Recorded information
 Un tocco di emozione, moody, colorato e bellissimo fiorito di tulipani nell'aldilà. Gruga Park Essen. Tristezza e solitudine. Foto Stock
--
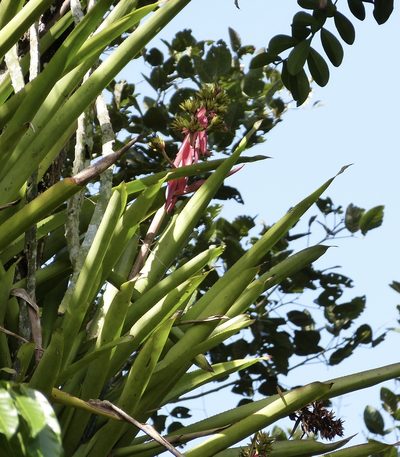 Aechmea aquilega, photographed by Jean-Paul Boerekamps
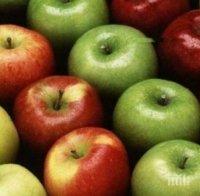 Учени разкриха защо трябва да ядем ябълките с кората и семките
==
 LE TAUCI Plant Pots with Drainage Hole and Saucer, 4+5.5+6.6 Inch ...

Your task
Only one stretch of the data is wanted: write out exactly the lines from the one holding "Aechmea aquilega, photographed" through the one holding "Учени разкриха защо", both included, without the pictures.

Response to this exercise
 Aechmea aquilega, photographed by Jean-Paul Boerekamps
 Учени разкриха защо трябва да ядем ябълките с кората и семките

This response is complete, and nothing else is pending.